==== Provided entries ====

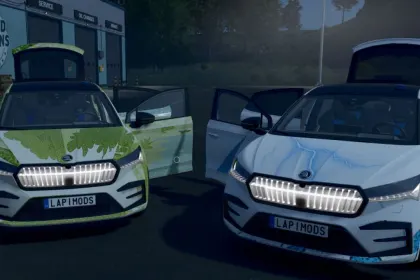 Stylowy Elektryczny SUV Skoda Enyaq Coupé — Realistyczny Samochód do Farming Simulator 25 — 2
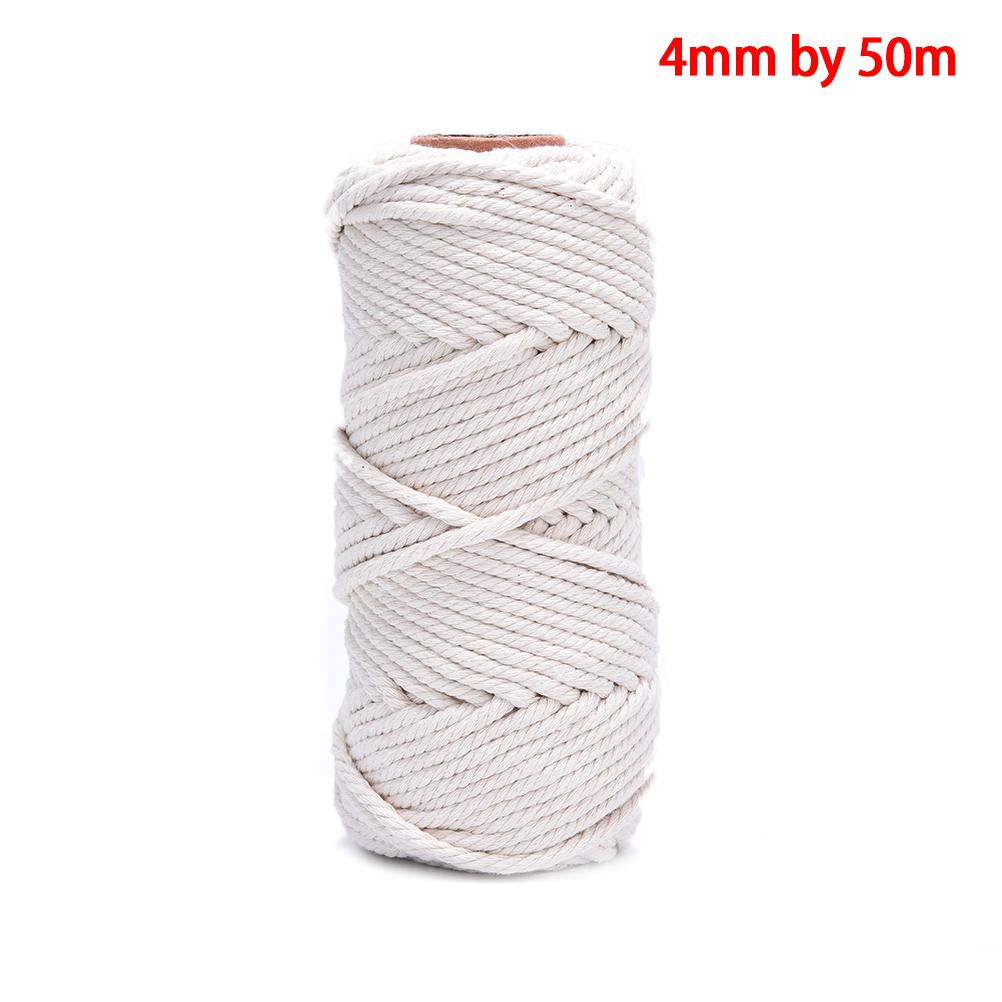 Nordic Jute Natural Hand Woven Cotton Rope Placemat Coaster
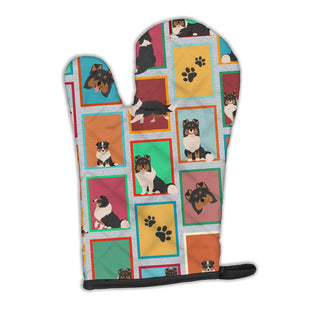 Tricolor Sheltie Artwork Right-Hand Oven Mitt
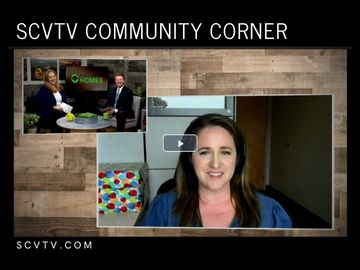 Still Shot of SCVTV Video Interview with Finally Family Homes Executive Director Christina Dronen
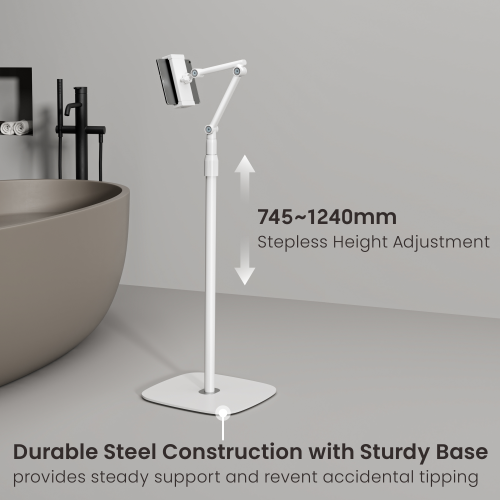 Simplicity Universal Phone/Tablet Floor Stand PAD39-04 Compatible with most 4.7”~12.9” phones, tablets, and more devices. from china(chinese)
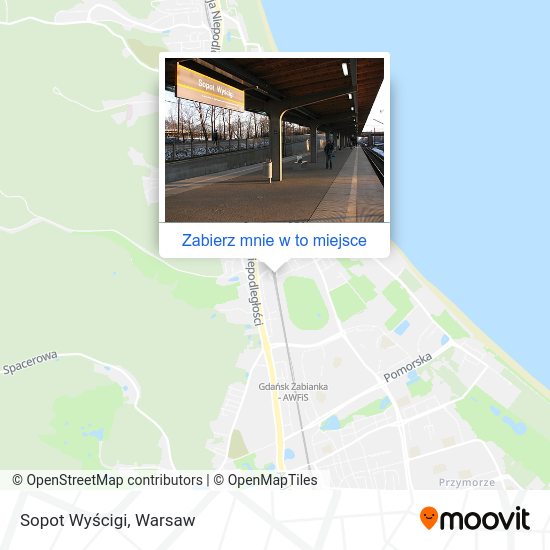 Mapa Sopot Wyścigi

====

> [Exercise aim]: A faithful copy of every record is required, with no pictures included.

> [Written response]:
 Stylowy Elektryczny SUV Skoda Enyaq Coupé — Realistyczny Samochód do Farming Simulator 25 — 2
 Nordic Jute Natural Hand Woven Cotton Rope Placemat Coaster
 Tricolor Sheltie Artwork Right-Hand Oven Mitt
 Still Shot of SCVTV Video Interview with Finally Family Homes Executive Director Christina Dronen
 Simplicity Universal Phone/Tablet Floor Stand PAD39-04 Compatible with most 4.7”~12.9” phones, tablets, and more devices. from china(chinese)
 Mapa Sopot Wyścigi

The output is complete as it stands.